Risk of Cyber-Physical Attack via Load With Emulated Inertia Control

Abstract

The intrinsic electromechanical coupling of power and frequency across a power system creates the possibility of indirect cyber-physical attacks, where the attack's impact occurs at locations far removed from the intrusion point. The work here explores this vulnerability, demonstrating mechanisms by which an attacker could cause system-wide unstable oscillations and trips of generators, by an attack altering only local control characteristics of customer loads. This extends previous work on malicious control in generator governor control loops in three ways. First, the fidelity and size of the study system is improved, with each generator represented via detailed models in a non-linear dynamic simulation.

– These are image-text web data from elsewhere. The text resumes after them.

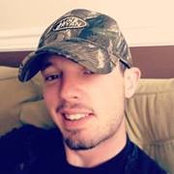 Anthony Campbell's photo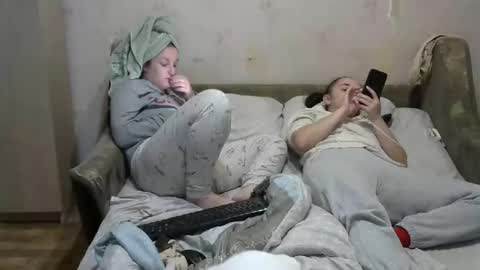 Juliya Katie online show from November 2025 08:11:02 PM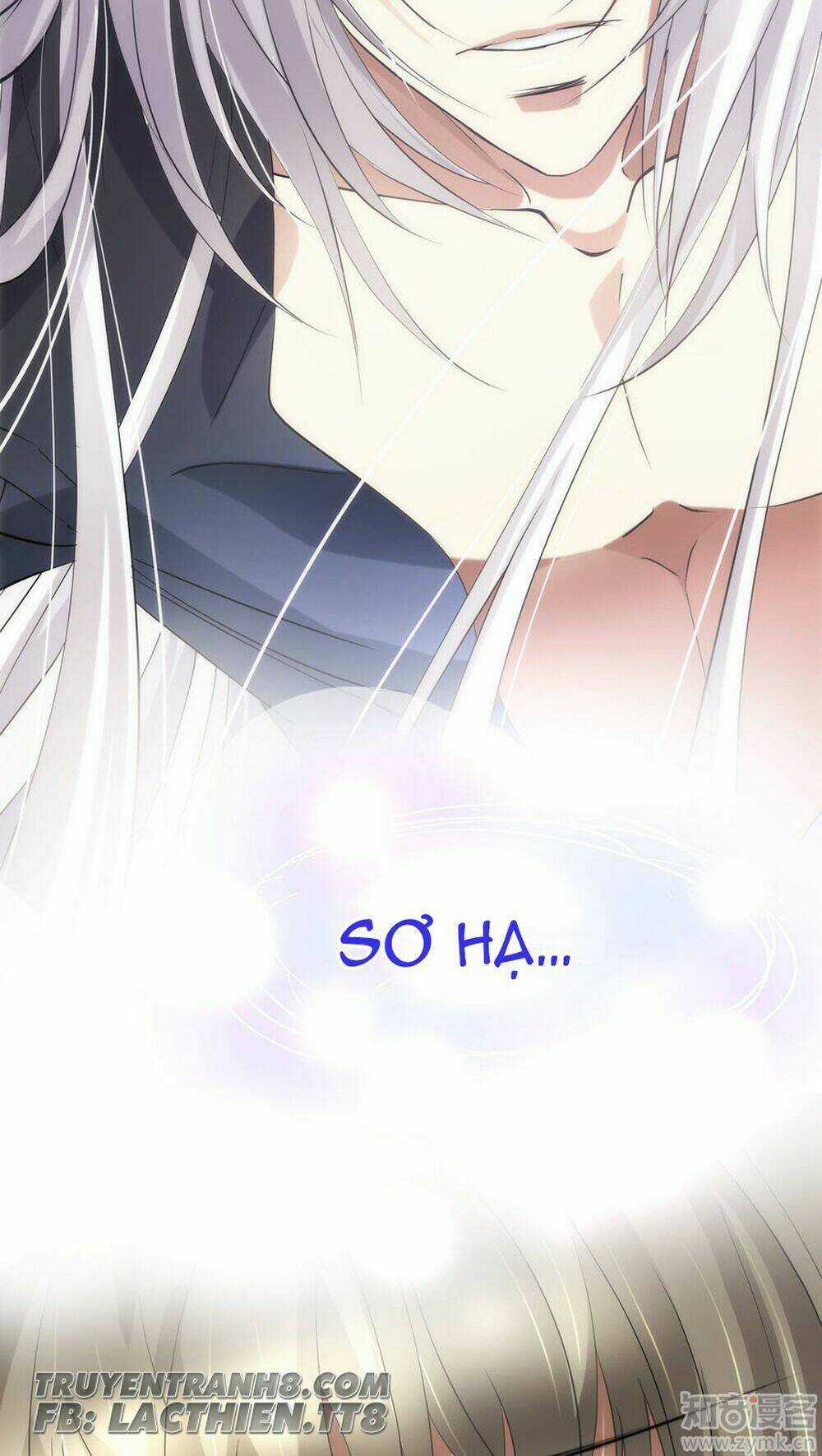 Một Vạn Tư Thế Công Lược Yêu Nam Chapter 30 trang 24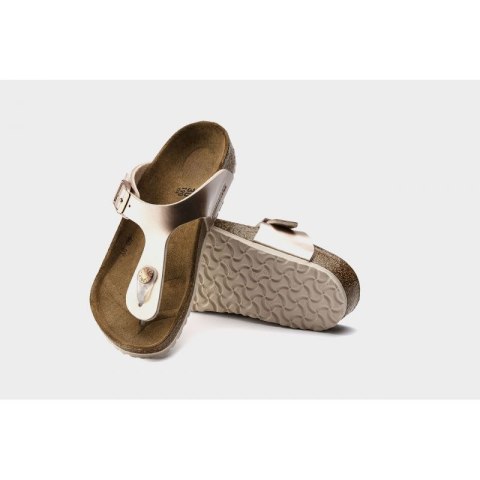 Klapki Birkenstock Gizeh Bs Jr 1012525 Birkenstock
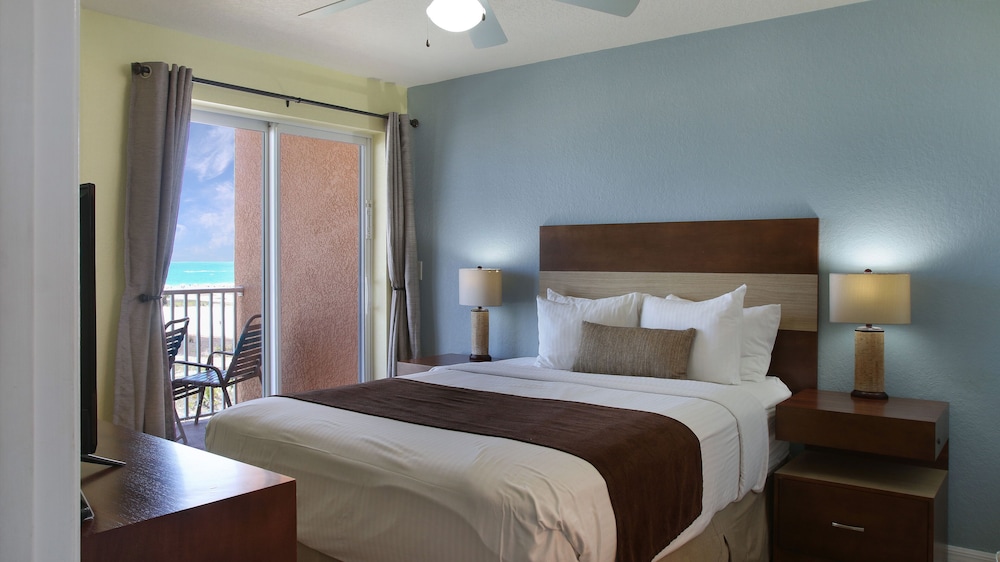 Surf Beach Resort 15/50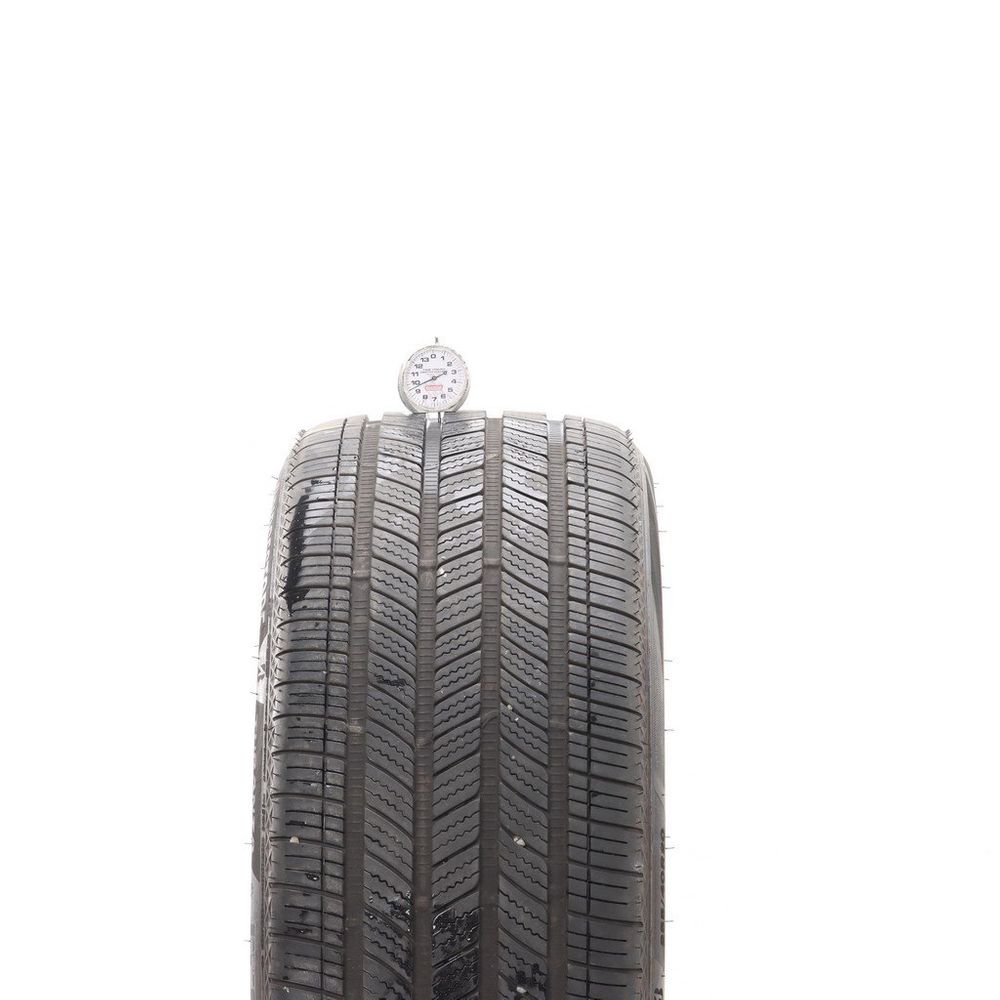 Set of (2) Used 255/40R20 Bridgestone Turanza EV ENLITEN 101W - 9-9.5/32 - Image 5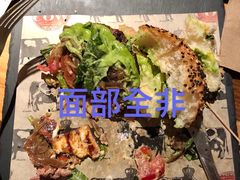 -FAT COW(虹梅路店)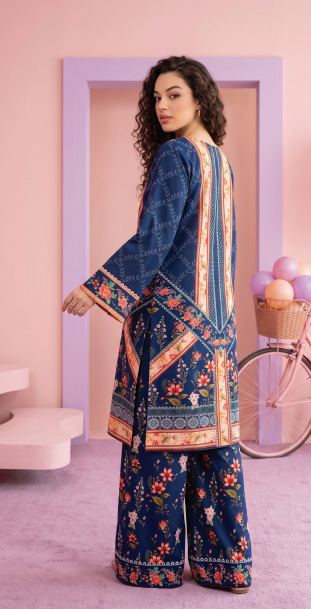 COCOON Khaddar BY Regalia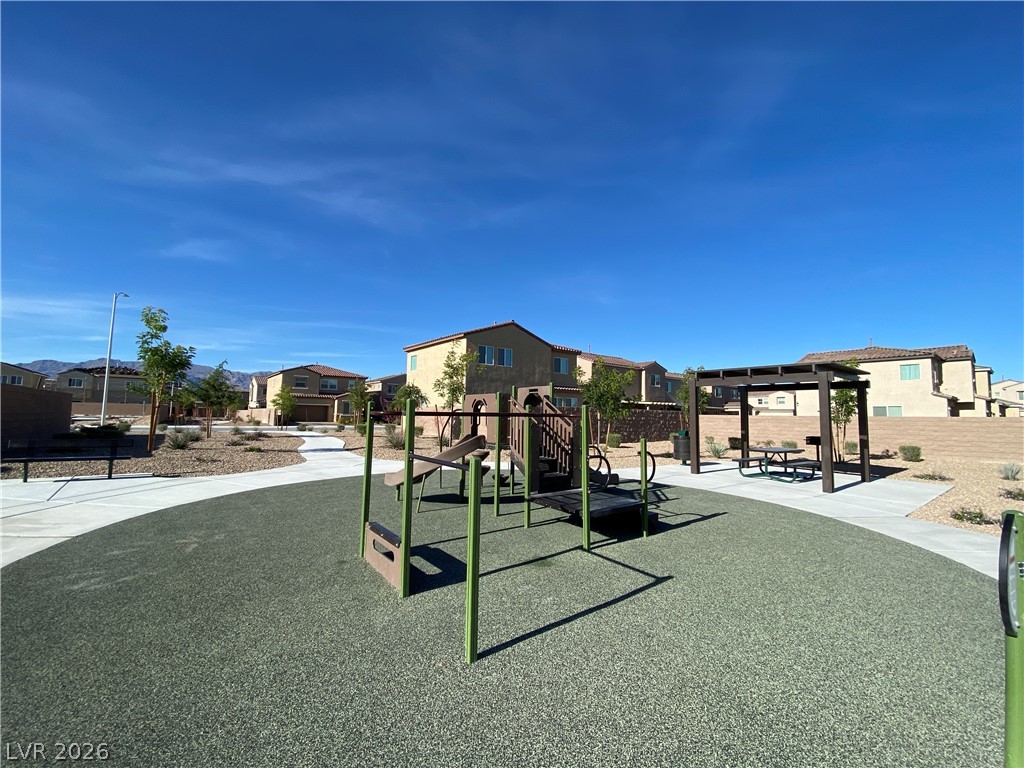 2212 Stone Well Road North Las Vegas, NV 89031 - Photo 37 of 43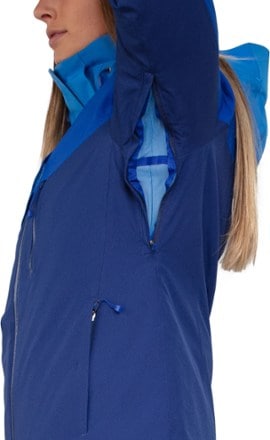 Obermeyer Jette Insulated Jacket - Women's 7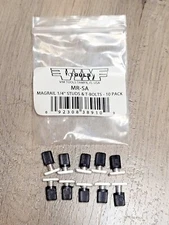 VIM 10pc 1/4" drive Adjustable Socket Pegs/ Stud Bolts fits Magrails #MRSA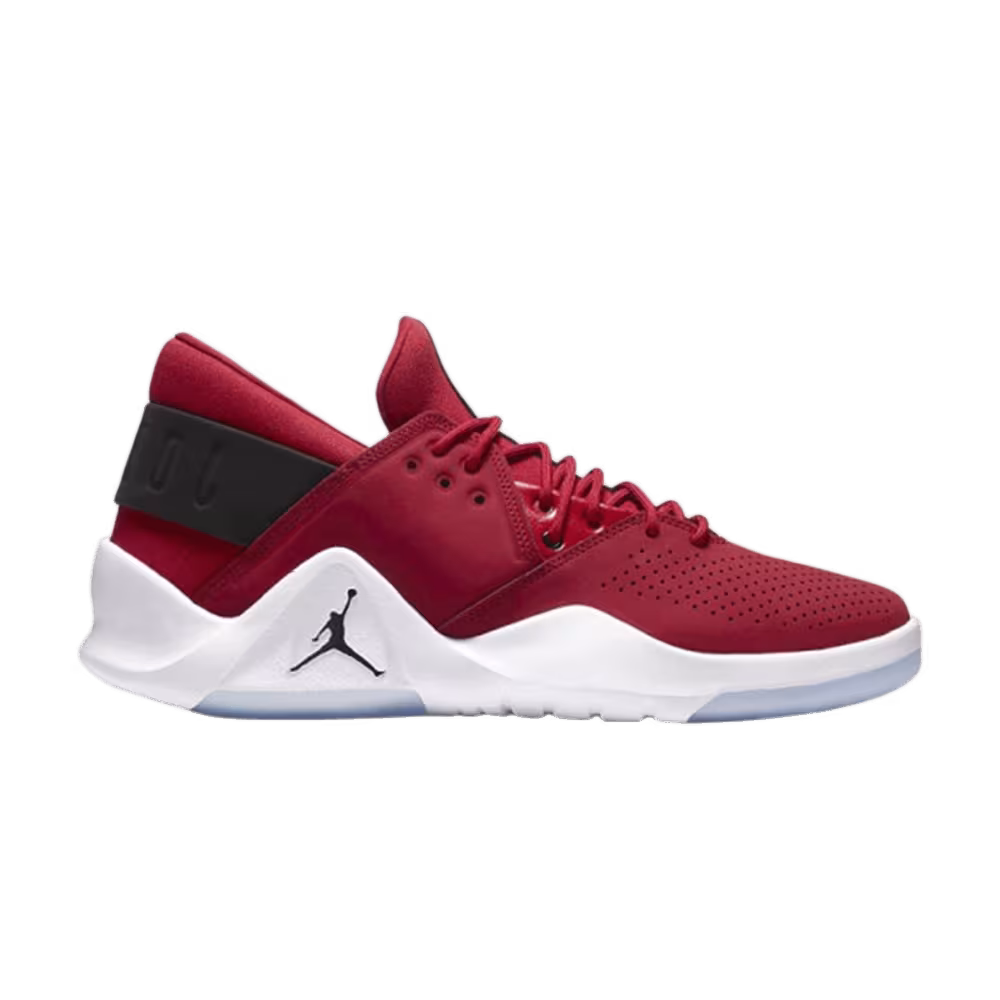 Air Jordan Flight Fresh Gym Red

Second, we study an increasingly plausible attack, in which loads (prior to attack) are enlisted to enhance system stability through the exercise of emulated inertia control. Finally, the work demonstrates methodologies which an attacker might employ to choose the generator(s) targeted to experience large oscillations (and tripping through protective relay action) and the locations, where compromised control systems would have greatest impact. Nonlinear simulation results indicate that malicious control destabilizes the power system, with targeted generators experiencing large magnitude oscillations, and probable tripping of rate of change of frequency protective relays. These results are demonstrated as robust over variations in parameters, topology, and loading.